Department of Mathematics and Statistics, University of Ottawa, 585 King Edward Avenue, Ottawa, Canada K1N 6N5.
BMC Bioinformatics. 2012;13 Suppl 19(Suppl 19):S8. doi: 10.1186/1471-2105-13-S19-S8. Epub 2012 Dec 19.
It has recently been shown that fractionation, the random loss of excess gene copies after a whole genome duplication event, is a major cause of gene order disruption. When estimating evolutionary distances between genomes based on chromosomal rearrangement, fractionation inevitably leads to significant overestimation of classic rearrangement distances. This bias can be largely avoided when genomes are preprocessed by "consolidation", a procedure that identifies and accounts for regions of fractionation.

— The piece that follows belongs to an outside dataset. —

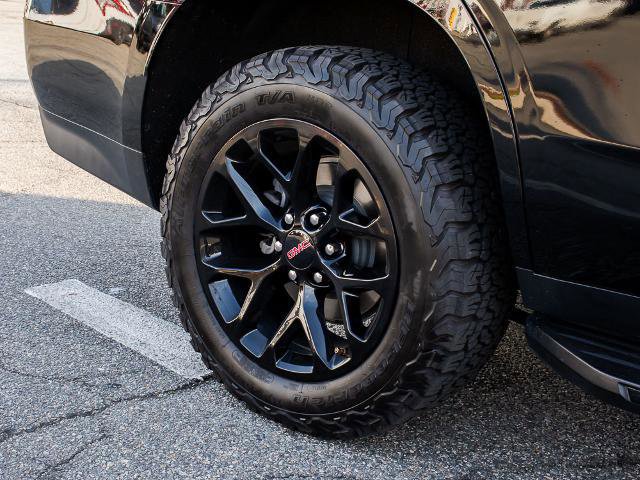Used 2023 GMC Yukon AT4 w/ Technology Package image 7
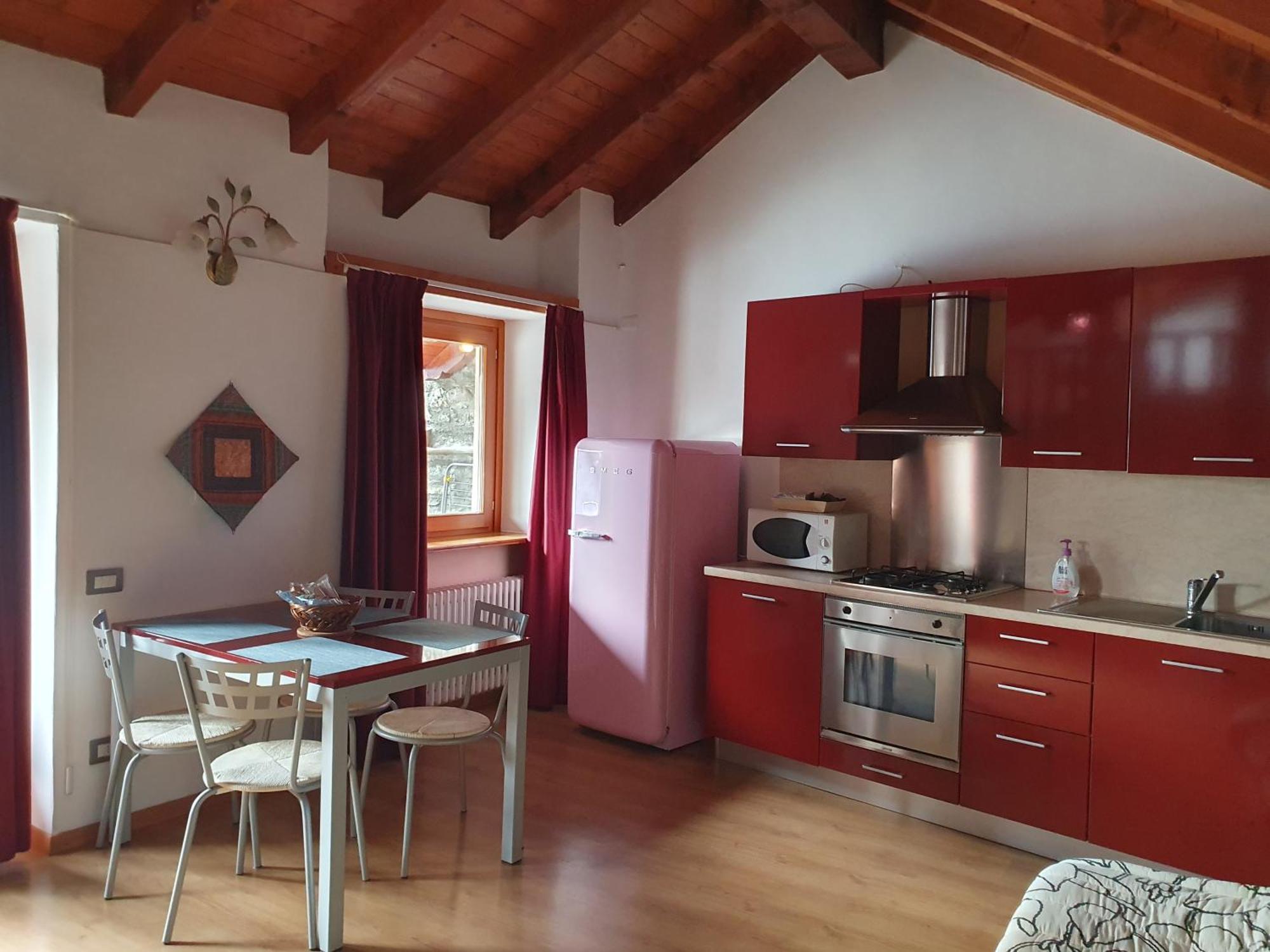 Appartamenti Vacanze E Camere Roccetta Fiorita Pettenasco Szoba fotó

In this paper, we present a new consolidation algorithm that extends and improves previous work in several directions. We extend the notion of the fractionation region to use information provided by regions where this process is still ongoing. The new algorithm can optionally work with this new definition of fractionation region and is able to process not only tetraploids but also genomes that have undergone hexaploidization and polyploidization events of higher order. Finally, this algorithm reduces the asymptotic time complexity of consolidation from quadratic to linear dependence on the genome size. The new algorithm is applied both to plant genomes and to simulated data to study the effect of fractionation in ancient hexaploids.
最近的研究表明,在全基因组复制事件之后的随机基因拷贝丢失(即片段化)是导致基因顺序破坏的主要原因。在基于染色体重排估计基因组之间的进化距离时,片段化不可避免地导致经典重排距离的显著高估。当通过“整合”预处理基因组时,可以在很大程度上避免这种偏差,该过程可以识别和解释片段化区域。
在本文中,我们提出了一种新的整合算法,该算法在几个方面扩展和改进了以前的工作。我们将片段化区域的概念扩展到使用该过程仍在进行的区域提供的信息。新算法可以选择使用片段化区域的这个新定义,并且不仅可以处理四倍体,还可以处理已经经历了六倍体化和更高阶多倍体化事件的基因组。最后,该算法将整合的渐近时间复杂度从二次降低到对基因组大小的线性依赖。新算法应用于植物基因组和模拟数据,以研究古老六倍体中片段化的影响。